→ **WORK TO BE COMPLETED**: What you write must match, character for character, the lines from the one with "hemorrhoid grading" down to the one with "CTAG2 Antibody (Center)" in the listing below, minus its pictures.

TASK INPUTS Start Marker

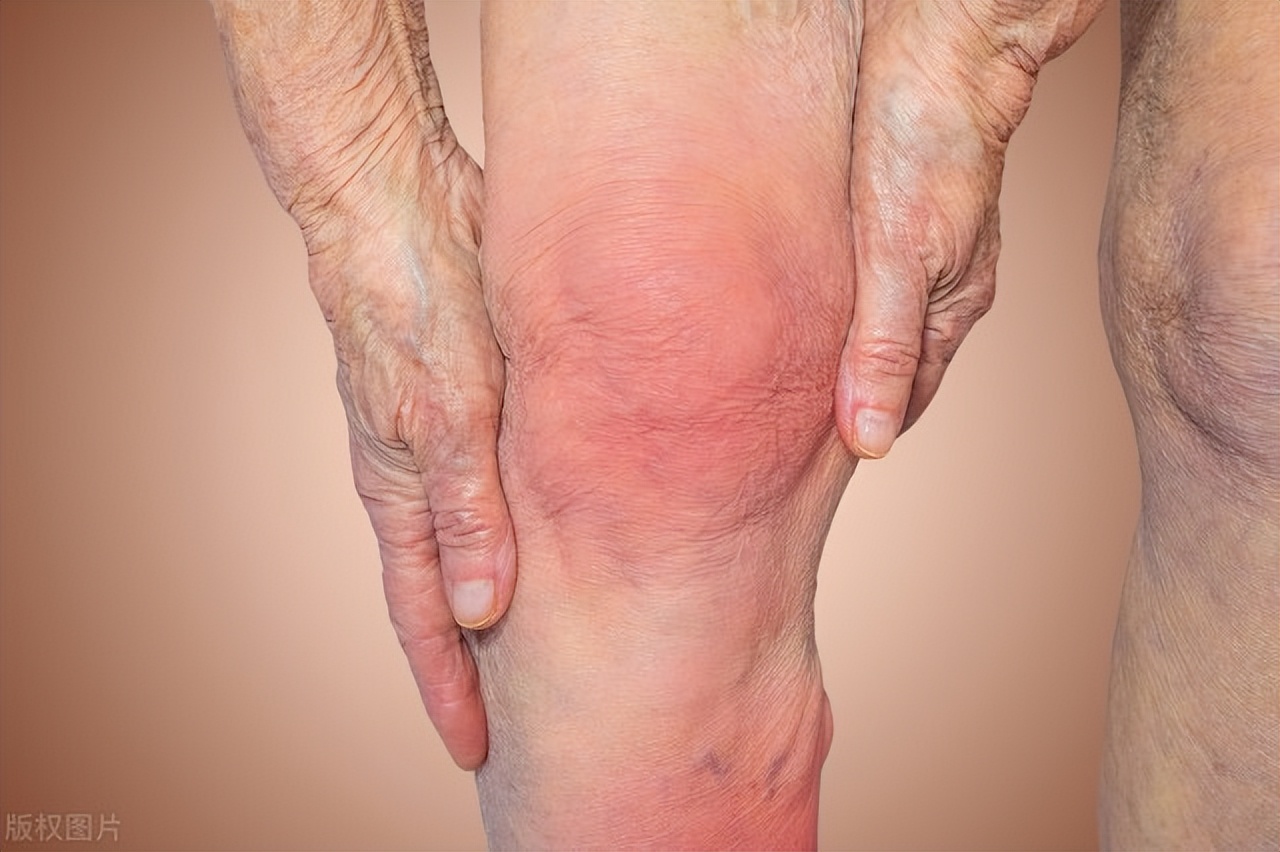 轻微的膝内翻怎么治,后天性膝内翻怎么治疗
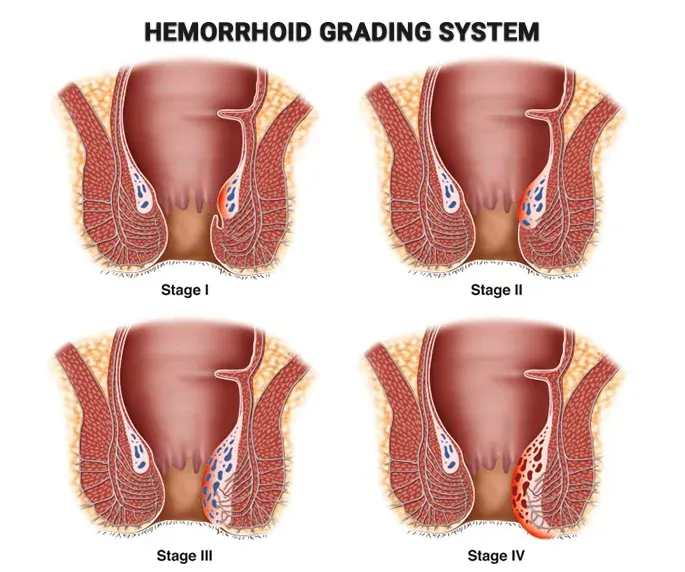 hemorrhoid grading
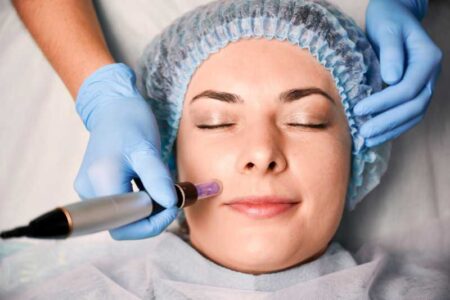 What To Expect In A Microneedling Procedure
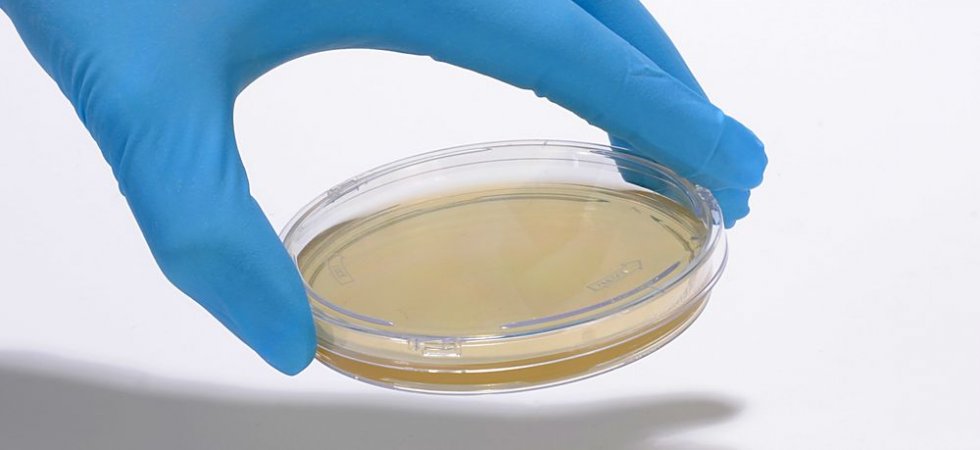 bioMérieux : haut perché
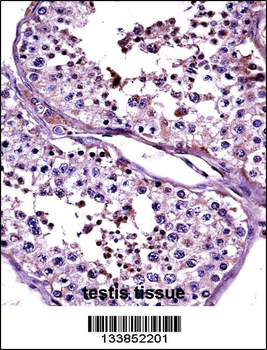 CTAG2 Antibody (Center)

TASK INPUTS End Marker
TASK INPUTS Start Marker

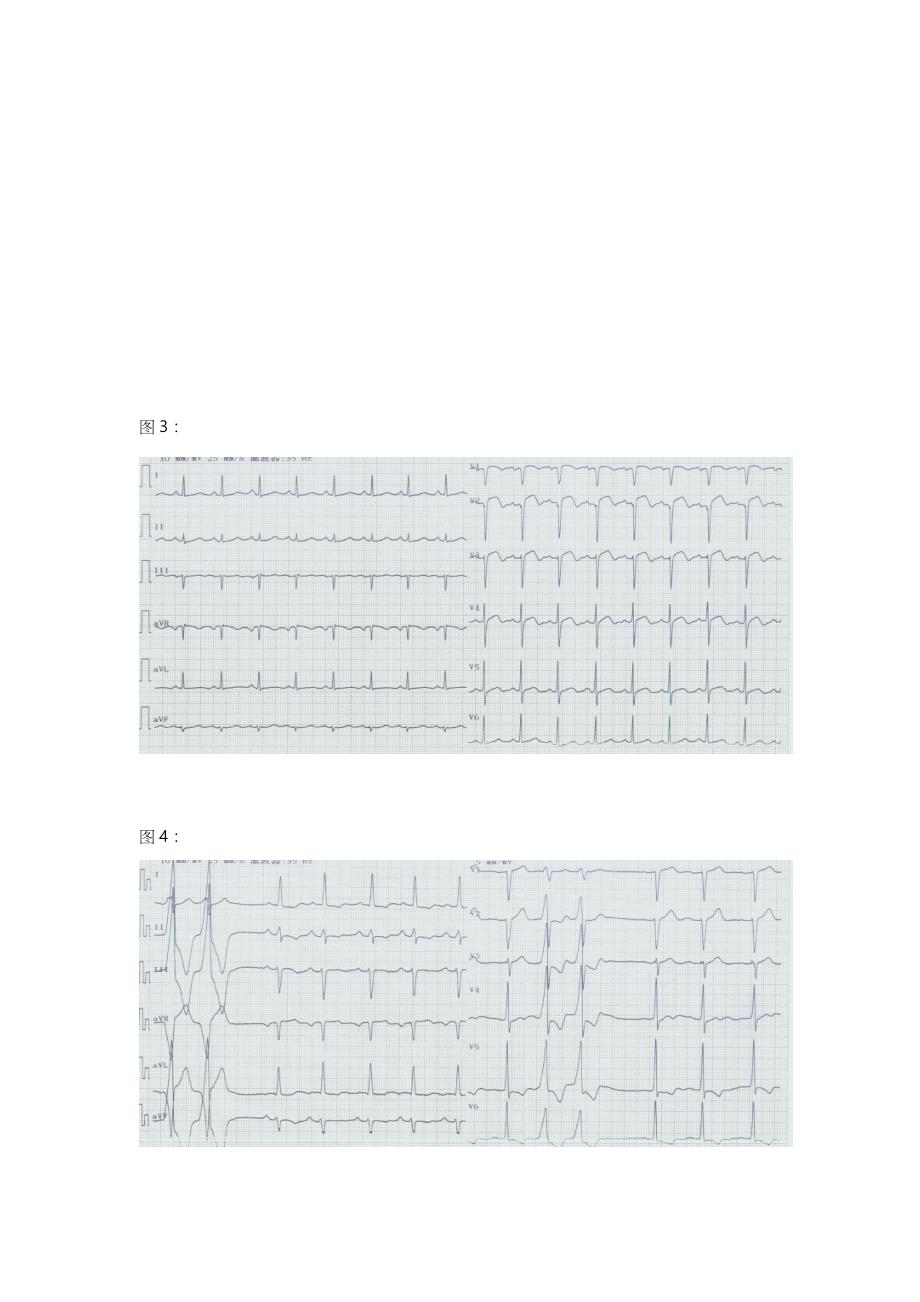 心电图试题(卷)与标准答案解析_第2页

TASK INPUTS End Marker

→ **SOLUTION FOR THIS TASK**:
 hemorrhoid grading
 What To Expect In A Microneedling Procedure
 bioMérieux : haut perché
 CTAG2 Antibody (Center)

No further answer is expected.